Here the job is to transcribe the data exactly while omitting the images.

§ PROVIDED DATA
▼
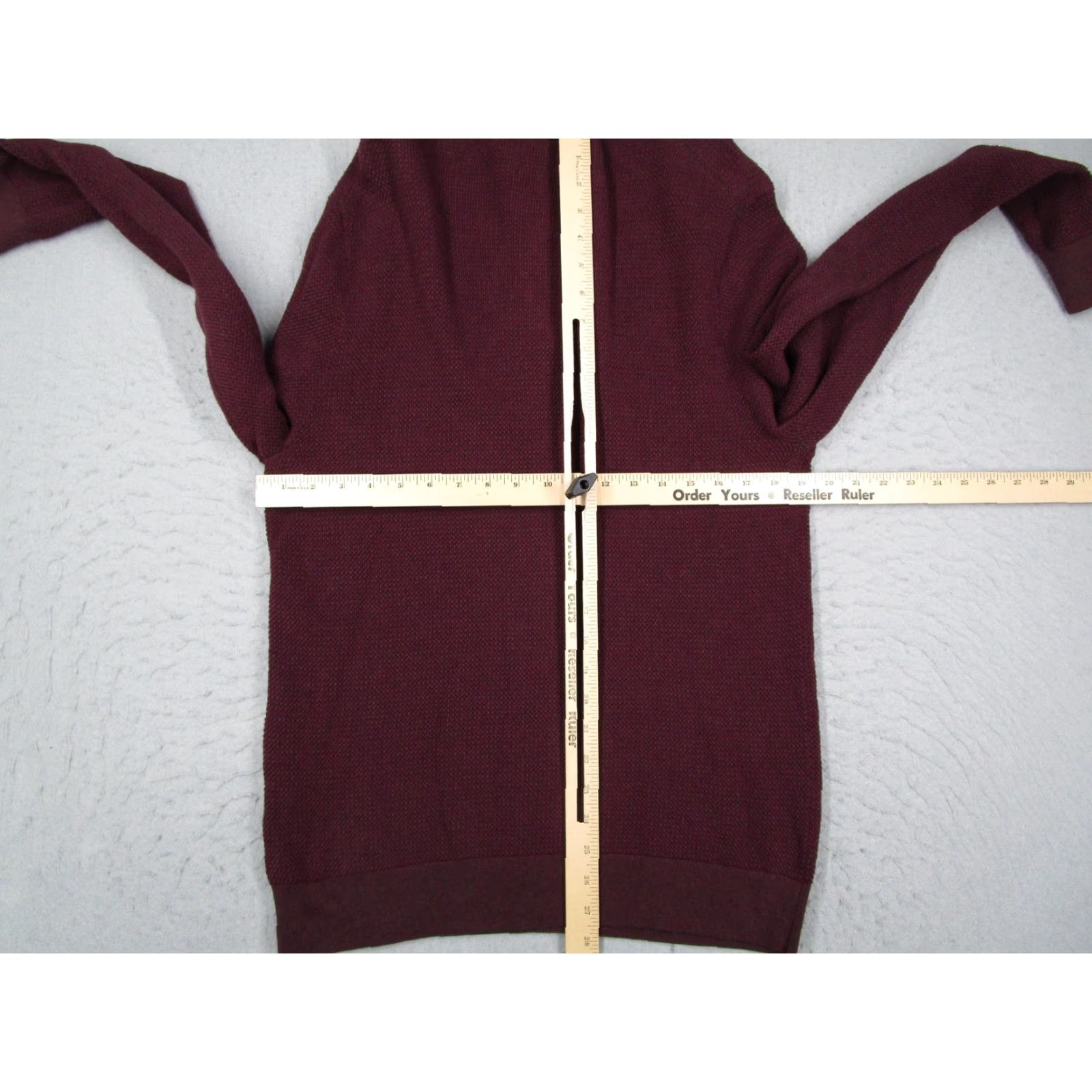Bonobos Bonobos Sweater Mens Large Red Cashmere 1/4 Zip Mock Neck Waffle Knit Pullover Size US L / EU 52-54 / 3 - 7 Thumbnail
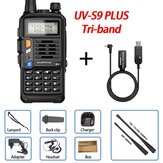 BaoFeng UV-S9 Plus Walkie Talkie Tri-Band 10W Güçlü 10W CB Radyo Telsiz VHF UHF 10W 10km uv-5r'ye kadar Uzun Menzilli Taşınabilir Radyo 2xAnten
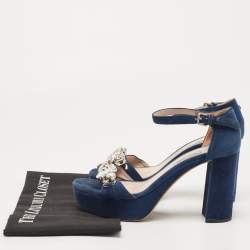 Pre Owned Miu Miu Navy Blue Suede Crystal Embellished Ankle Strap Sandals Size 37.5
▲
§ OUTPUT FOR THIS TASK
Bonobos Bonobos Sweater Mens Large Red Cashmere 1/4 Zip Mock Neck Waffle Knit Pullover Size US L / EU 52-54 / 3 - 7 Thumbnail
 BaoFeng UV-S9 Plus Walkie Talkie Tri-Band 10W Güçlü 10W CB Radyo Telsiz VHF UHF 10W 10km uv-5r'ye kadar Uzun Menzilli Taşınabilir Radyo 2xAnten
 Pre Owned Miu Miu Navy Blue Suede Crystal Embellished Ankle Strap Sandals Size 37.5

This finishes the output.